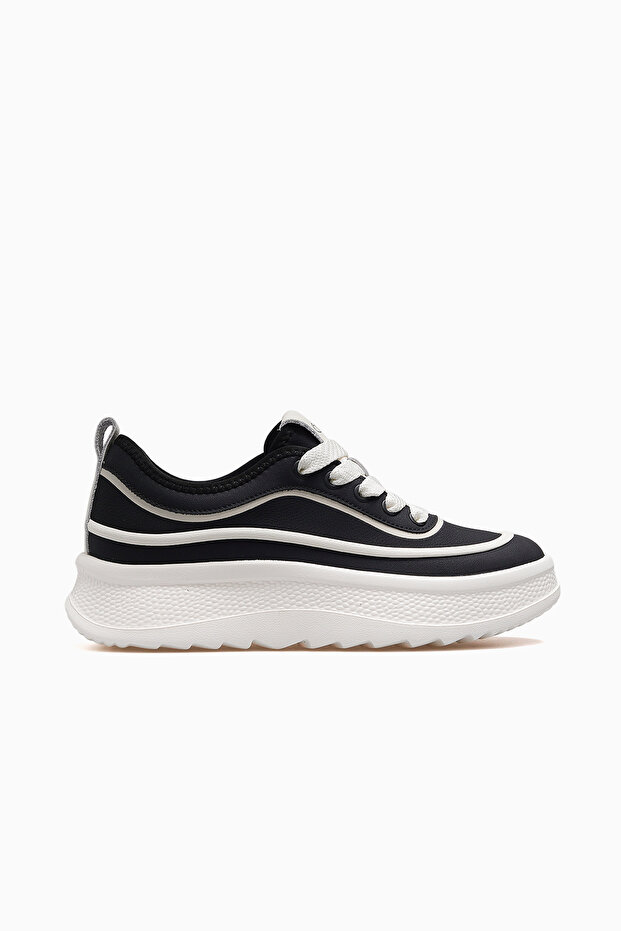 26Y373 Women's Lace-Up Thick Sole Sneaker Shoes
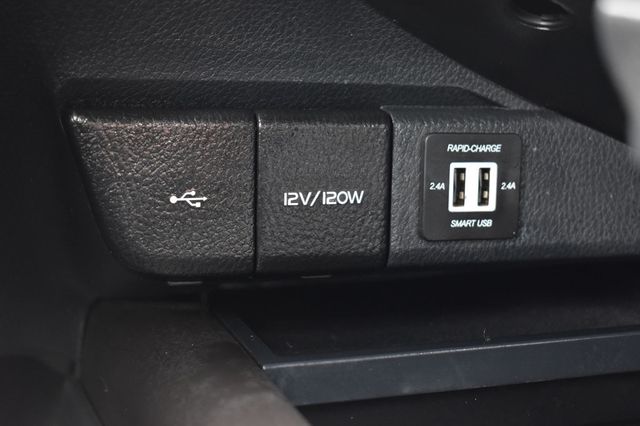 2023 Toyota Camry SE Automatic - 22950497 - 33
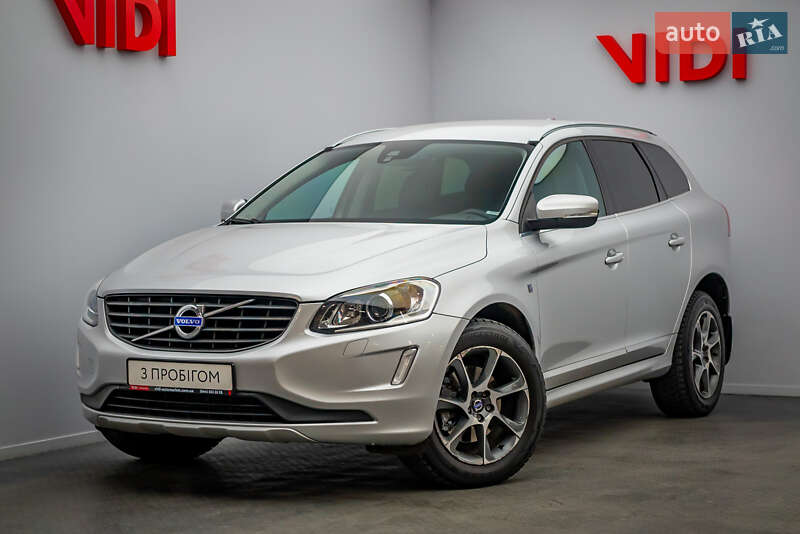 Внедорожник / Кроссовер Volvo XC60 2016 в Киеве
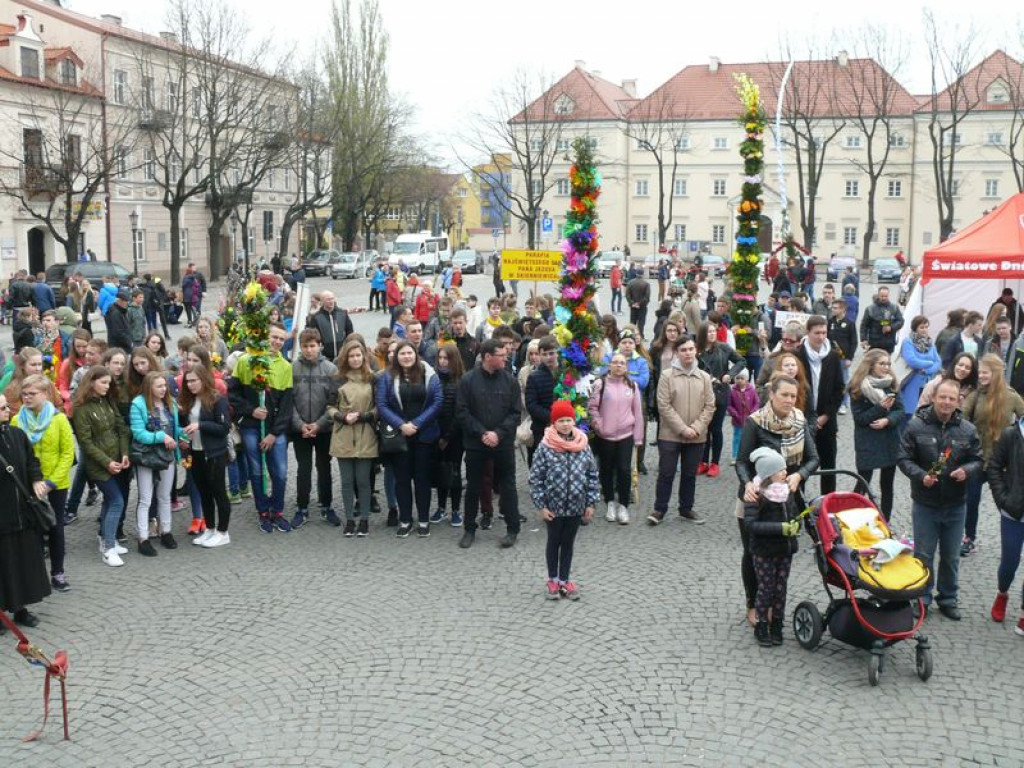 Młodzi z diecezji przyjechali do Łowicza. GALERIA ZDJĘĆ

▶ [Requirement]: When you copy the listing, keep every line exactly as it is but leave out all images.

▶ [Task answer]:
 26Y373 Women's Lace-Up Thick Sole Sneaker Shoes
 2023 Toyota Camry SE Automatic - 22950497 - 33
 Внедорожник / Кроссовер Volvo XC60 2016 в Киеве
 Młodzi z diecezji przyjechali do Łowicza. GALERIA ZDJĘĆ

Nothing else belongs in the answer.